The clinical trial has received assistance from individuals within the CF community, who provided cells through the University of Iowa’s Cystic Fibrosis Research Center. Agnieszka Lewandowska, a senior research scientist at UIUC and a member of Dr. Burke’s lab, expressed gratitude for their contribution: “We are grateful for the willingness of the CF community that provided cells through the University of Iowa’s Cystic Fibrosis Research Center that ultimately brought these compounds to clinical trial.”
Dr. Burke envisions that the impact of molecular prosthetics extends beyond cystic fibrosis, offering potential treatment options for a wide range of diseases caused by loss of protein function. He believes that success in treating cystic fibrosis could pave the way for a general approach to address such diseases. The development of molecular prosthetics is part of the broader mission of the Molecule Maker Lab at the Beckman Institute in UIUC, in collaboration with the physician-innovators at the Carle Illinois College of Medicine.
Results from the clinical trial are expected to be available in 2024.
Takeaway
- Scientists from the University of Illinois Urbana-Champaign and the University of Iowa, in partnership with cystetic Medicines, have initiated a clinical trial for an inhalable molecular prosthetic, CM001, aimed at improving lung function in cystic fibrosis (CF) patients who do not respond to current therapies.
- This joint public-private effort represents a significant step forward in developing a safe and effective treatment for CF, a progressive genetic disorder characterized by persistent lung infections that can lead to severe damage over time.

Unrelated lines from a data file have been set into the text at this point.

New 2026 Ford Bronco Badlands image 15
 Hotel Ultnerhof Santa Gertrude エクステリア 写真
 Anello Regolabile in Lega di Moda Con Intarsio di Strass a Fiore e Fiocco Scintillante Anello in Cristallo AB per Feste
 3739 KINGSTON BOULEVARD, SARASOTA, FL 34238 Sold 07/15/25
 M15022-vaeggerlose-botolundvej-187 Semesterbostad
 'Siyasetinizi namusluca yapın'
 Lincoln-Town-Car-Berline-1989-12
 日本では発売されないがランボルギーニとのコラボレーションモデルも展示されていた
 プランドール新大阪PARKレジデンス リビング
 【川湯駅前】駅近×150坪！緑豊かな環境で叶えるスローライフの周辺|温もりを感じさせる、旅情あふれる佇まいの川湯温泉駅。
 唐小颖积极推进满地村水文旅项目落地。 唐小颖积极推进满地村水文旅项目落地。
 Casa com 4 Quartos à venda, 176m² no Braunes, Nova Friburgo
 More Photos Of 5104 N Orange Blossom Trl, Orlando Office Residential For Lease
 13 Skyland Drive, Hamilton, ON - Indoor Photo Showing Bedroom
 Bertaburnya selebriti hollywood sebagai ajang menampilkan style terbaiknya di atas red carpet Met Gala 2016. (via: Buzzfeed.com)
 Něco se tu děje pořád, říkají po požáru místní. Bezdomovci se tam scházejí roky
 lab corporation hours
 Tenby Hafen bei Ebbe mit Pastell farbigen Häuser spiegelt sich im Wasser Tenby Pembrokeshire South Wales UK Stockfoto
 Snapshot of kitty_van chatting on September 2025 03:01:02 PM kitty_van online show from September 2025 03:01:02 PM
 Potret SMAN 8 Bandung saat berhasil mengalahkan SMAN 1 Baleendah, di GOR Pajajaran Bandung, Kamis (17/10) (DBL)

- The clinical trial involves human volunteers in New Zealand who are receiving the inhaled drug CM001, which acts as a molecular prosthetic to replace missing or dysfunctional protein channels in CF patients’ lungs. The novel inhaled dry powder formulation allows for targeted delivery and consistent dosing, potentially increasing efficacy and safety.
- The study focuses on addressing the fundamental defect in CF caused by mutations in the CFTR gene. By serving as a molecular prosthetic, CM001 aims to restore ion channel function and benefit the 10% of CF patients who do not respond to current CFTR modulators. The concept of molecular prosthetics holds promise for treating all individuals with CF, regardless of their specific CFTR gene mutation.